Way too many U.S. skinflicks portray girly-photography studios as the darkest, dreariest, drabbest places on earth. Not so with Torment, a French skinflick set in a fancy house in the Parisian countryside which is simply crawling with curvaceous naked beauties. It’s also crawling with gangsters and violence in a plot that plays like it was ripped from the pages of a half dozen comic books.

Thin and bald, creepy Joe Darien is a menacing thug infatuated with Kim, one of the above-mentioned photographer’s models. First chance he gets, Joe de-virginizes her. Her life changed, Kim promptly parades around with her breasts hanging out in front of her blasé stepmother Linda. Linda also likes lounging around with her boobs on display (“You’re not even a stepmother I can respect!”) and the two get into a topless catfight which a second gangster – a rotund slob named Louie Ricco – takes a photograph of. Louie figures he can sell the photo to Kim’s daddy while Linda, realizing she’s about to be blackmailed, runs for help to Boris, a Russian nightclub owner, who immediately takes out Linda’s friendly breasts and mauls them.

Sexploitation highlight: at Boris’ club, a sexy blonde does a striptease in front of a large fake snowman with blinking eyes. Ya gotta love it.

On a roll, Joe murders one of the photographer’s neighbors, and steals diamonds from the man’s safe: “Diamonds are more beautiful than women!” He also fires a shotgun into the photographer’s face which makes poor lil’ Kim faint dead away, so Joe carries her off and puts her in a garage somewhere.

But wait, it gets even more complicated. As expected, Louie Ricco attempts to blackmail both Linda and her husband, but the husband smacks Louie around while Linda, once again, displays her breasts. Joe, meanwhile, is captured by Boris and his men who want the diamonds Joe stole and decide to make him talk by letting a stripper dance all over him until – oops! – everyone ends up dead but Joe. By then, Kim wakes up, leaves that nasty ol’ garage and, blissfully ignorant, wanders back to the photographer’s house just in time to meet crazy Joe in full-throttle maniac mode….
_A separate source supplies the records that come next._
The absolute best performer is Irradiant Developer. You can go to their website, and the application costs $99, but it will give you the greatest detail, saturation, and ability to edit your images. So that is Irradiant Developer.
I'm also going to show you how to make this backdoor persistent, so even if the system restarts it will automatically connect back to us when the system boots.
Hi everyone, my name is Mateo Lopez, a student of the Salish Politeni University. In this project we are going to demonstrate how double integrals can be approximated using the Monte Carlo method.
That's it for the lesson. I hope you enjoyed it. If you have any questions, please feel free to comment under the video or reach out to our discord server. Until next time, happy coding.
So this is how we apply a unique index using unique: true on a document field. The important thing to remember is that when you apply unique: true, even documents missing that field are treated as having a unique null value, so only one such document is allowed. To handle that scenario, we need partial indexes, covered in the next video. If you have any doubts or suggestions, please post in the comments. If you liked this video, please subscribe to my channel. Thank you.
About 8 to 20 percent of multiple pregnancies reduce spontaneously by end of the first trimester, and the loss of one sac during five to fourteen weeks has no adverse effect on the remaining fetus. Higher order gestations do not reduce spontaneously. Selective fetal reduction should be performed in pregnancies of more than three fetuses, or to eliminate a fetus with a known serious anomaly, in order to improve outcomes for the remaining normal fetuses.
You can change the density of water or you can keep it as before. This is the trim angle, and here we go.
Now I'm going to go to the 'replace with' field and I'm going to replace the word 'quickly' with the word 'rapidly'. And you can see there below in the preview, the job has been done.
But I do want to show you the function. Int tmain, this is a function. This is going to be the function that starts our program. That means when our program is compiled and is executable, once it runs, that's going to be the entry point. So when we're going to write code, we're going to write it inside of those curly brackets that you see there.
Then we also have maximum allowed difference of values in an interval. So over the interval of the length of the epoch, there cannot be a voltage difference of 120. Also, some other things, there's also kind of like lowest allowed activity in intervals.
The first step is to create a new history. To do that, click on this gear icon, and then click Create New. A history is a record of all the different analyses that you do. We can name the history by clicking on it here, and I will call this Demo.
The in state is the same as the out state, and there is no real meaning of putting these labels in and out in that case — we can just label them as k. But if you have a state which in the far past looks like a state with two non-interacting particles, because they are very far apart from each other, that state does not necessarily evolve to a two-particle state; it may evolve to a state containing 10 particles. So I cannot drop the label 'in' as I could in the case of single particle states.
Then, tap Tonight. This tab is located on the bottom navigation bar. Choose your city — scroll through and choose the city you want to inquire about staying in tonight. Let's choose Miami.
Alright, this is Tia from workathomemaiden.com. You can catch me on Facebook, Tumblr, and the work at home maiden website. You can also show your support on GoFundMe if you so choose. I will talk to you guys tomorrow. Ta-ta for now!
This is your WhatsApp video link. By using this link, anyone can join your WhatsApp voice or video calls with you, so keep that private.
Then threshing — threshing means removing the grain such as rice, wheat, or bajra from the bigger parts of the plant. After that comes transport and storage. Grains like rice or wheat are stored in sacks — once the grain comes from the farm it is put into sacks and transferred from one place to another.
One of three English-dubbed films from French sexploitation vet Max Pécas released here by BOB CRESSE through his company Olympic International Films (the others being Heat of Midnight and ), Torment has so much nudity and idiot plotting that one can almost hear Cresse laughing out loud. Oddly enough, while all the posters, ads, pressbooks, photos, and theater marquees advertised the film as Torment, the actual on-screen title is Fear and Love. Obviously, Cresse thought the title Torment far more commercial but, rather than spend the money needed to change the title card, he simply combined both titles for the advertising which reads “Love + Fear = Torment!” Neither title, however, really conveys the nuttiness at the core of Torment, best thought of as an art-film for lunatics.